When to use: Choose AVL trees for lookup-heavy applications (databases, file systems) where search speed matters more than insertion speed. For write-heavy workloads, Red-Black trees are better.

AVL trees guarantee the worst-case O(log n) that basic BSTs promise but can't deliver.

17. Red-Black Trees Explained Simply

Red-Black trees are self-balancing BSTs with relaxed balance constraints compared to AVL trees. Each node is colored red or black, and these colors enforce balance rules.

Five rules:

1. Every node is red or black
2. Root is always black
3. All leaves (NULL nodes) are black
4. Red nodes cannot have red children (no two reds in a row)
5. Every path from root to leaf contains the same number of black nodes

These rules ensure the tree's height is at most 2 × log(n + 1), guaranteeing O(log n) operations.

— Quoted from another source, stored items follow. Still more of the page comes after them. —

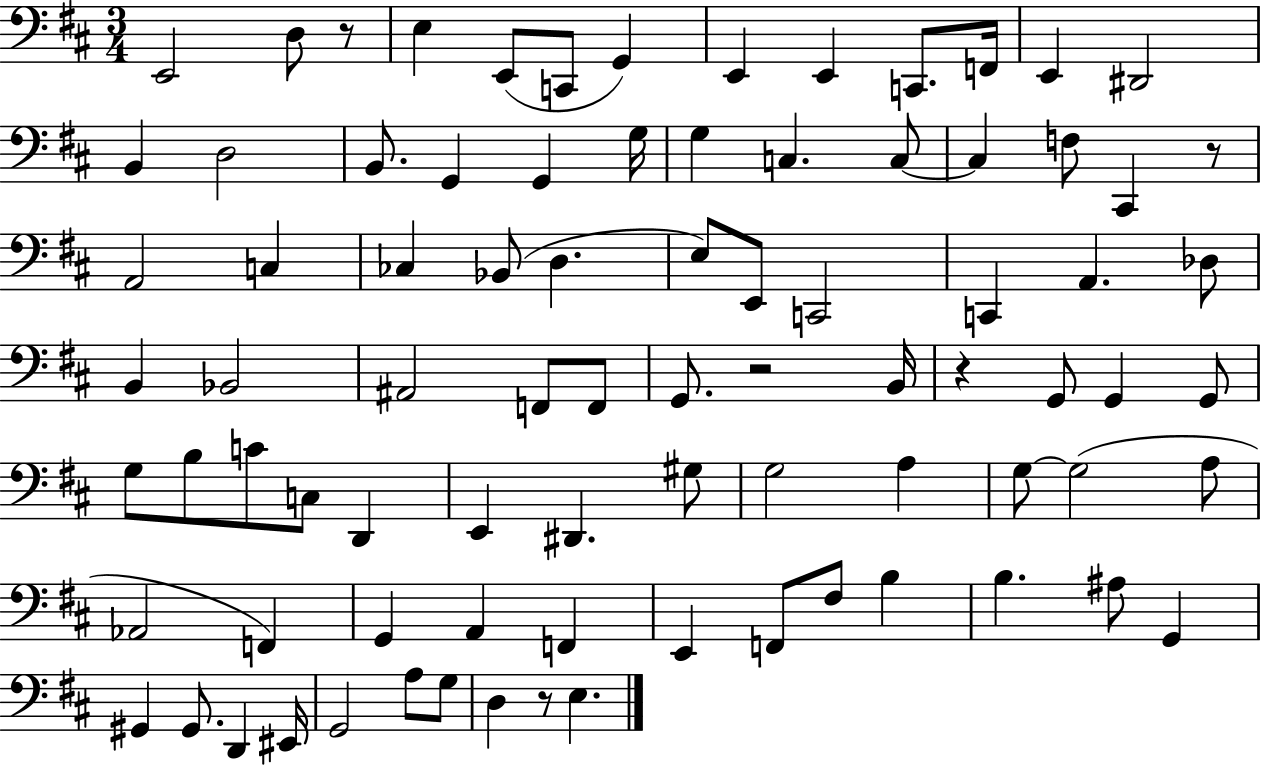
{
  \clef bass
  \numericTimeSignature
  \time 3/4
  \key d \major
  e,2 d8 r8 | e4 e,8( c,8 g,4) | e,4 e,4 c,8. f,16 | e,4 dis,2 | \break b,4 d2 | b,8. g,4 g,4 g16 | g4 c4. c8~~ | c4 f8 cis,4 r8 | \break a,2 c4 | ces4 bes,8( d4. | e8) e,8 c,2 | c,4 a,4. des8 | \break b,4 bes,2 | ais,2 f,8 f,8 | g,8. r2 b,16 | r4 g,8 g,4 g,8 | \break g8 b8 c'8 c8 d,4 | e,4 dis,4. gis8 | g2 a4 | g8~~ g2( a8 | \break aes,2 f,4) | g,4 a,4 f,4 | e,4 f,8 fis8 b4 | b4. ais8 g,4 | \break gis,4 gis,8. d,4 eis,16 | g,2 a8 g8 | d4 r8 e4. | \bar "|."
}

Why better than AVL for some cases? Red-Black trees require fewer rotations during insertion/deletion. They're slightly less balanced (height can be up to 2x optimal vs AVL's 1.44x), but modification operations are faster.

Real-world usage:

• Java's TreeMap and TreeSet
• C++ STL map and set
• Linux kernel's Completely Fair Scheduler
• Many database implementations

The tradeoff: AVL trees: faster searches, slower modifications. Red-Black trees: slightly slower searches, faster modifications. For most applications, the difference is negligible, but Red-Black trees' lower maintenance cost makes them the industry favourite.

You don't need to memorize every recoloring rule, but understanding why these trees stay balanced helps you choose the right structure.

18. Segment Trees for Range Queries

Segment trees solve range query problems efficiently. Given an array, answer queries like "What's the sum/min/max of elements from index L to R?" and handle updates.

The naive approach: For each query, loop from L to R—O(n) per query. With many queries, this becomes too slow.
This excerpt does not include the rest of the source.